The Mets and Marlins were supposed to play two baseball games starting at 4:10 pm, but at 4:10 pm it was raining.

Not particularly hard — you could almost call it Corey Oswalt weather — but hard enough. It stayed that way through 5:10 pm, through 6:10 pm, through the time the Mets would have played their usual baseball game, and on into the night. Mets Yearbooks came and went on SNY, with 1984 becoming 1987 becoming 1983. (We’re really going places with Wes Gardner, people!) Every 10 minutes or so Gary Apple, forced into the role played by Kevin Bacon in “Animal House,” would appear to note the continuing reality of the deployed tarp, smile doggedly and say that no one was telling anyone anything but he’d be back with updates as soon as he had them.

I eventually gave up and started watching “Edge of Tomorrow,” the Tom Cruise/Emily Blunt movie about an ill-prepared soldier who has to live the same fight over and over, with fatal results, until he figures out a way to escape. I mention the details of this plot for no particular reason.
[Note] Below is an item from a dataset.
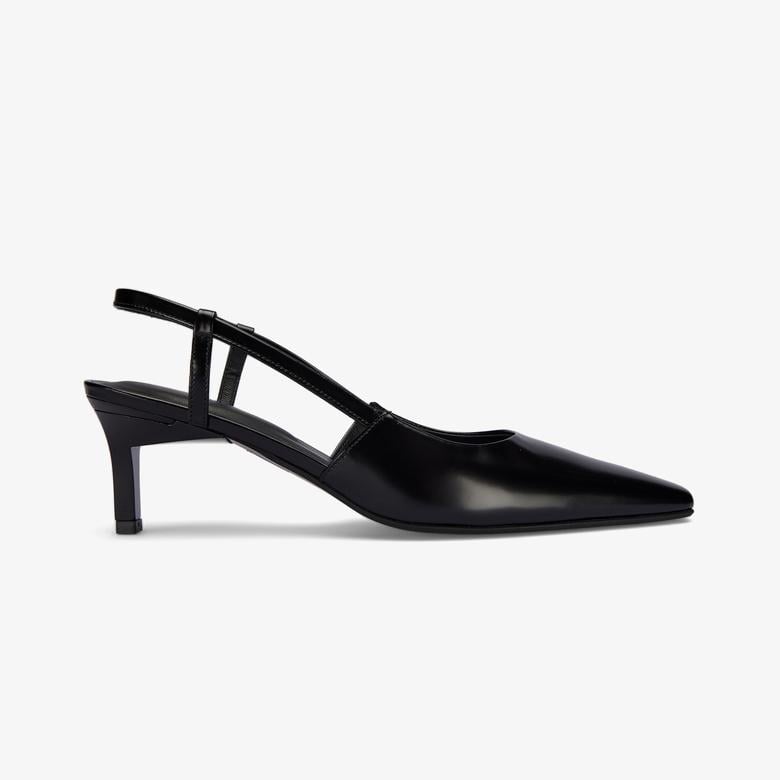 Calvin Klein Heel Slıngback Pump 50 Kadın Siyah Topuklu Ayakkabı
At about the midpoint of the movie, I glanced at At Bat and saw, to my shock, that it was the bottom of the first. After five and a half hours of nothing, there was baseball being played!

And then I watched the rest of “Edge of Tomorrow.” Honestly, it had treated me better than the Mets had.

When I switched over to the game it was already 6-0 Mets, the last three runs collected on an Amed Rosario home run that nearly hit the restaurant, and let’s just say the Marlins didn’t look super-enthused to play baseball. You can’t blame them for that — by that point I wasn’t super-enthused to consume it while dry and on my couch — but the 13-0 final score made you wonder if the two teams had chosen different regimens for passing those five and a half hours. Judging by the evidence, perhaps the Mets were having a Chug a Red Bull contest while the Marlins were taking care of a bake shop’s entire stock of Whip-Its.

(Thirteen runs. Scored by the Mets. Man, it’s good not being Jacob deGrom.)

(Also: this game has no recap. Which somehow seems appropriate.)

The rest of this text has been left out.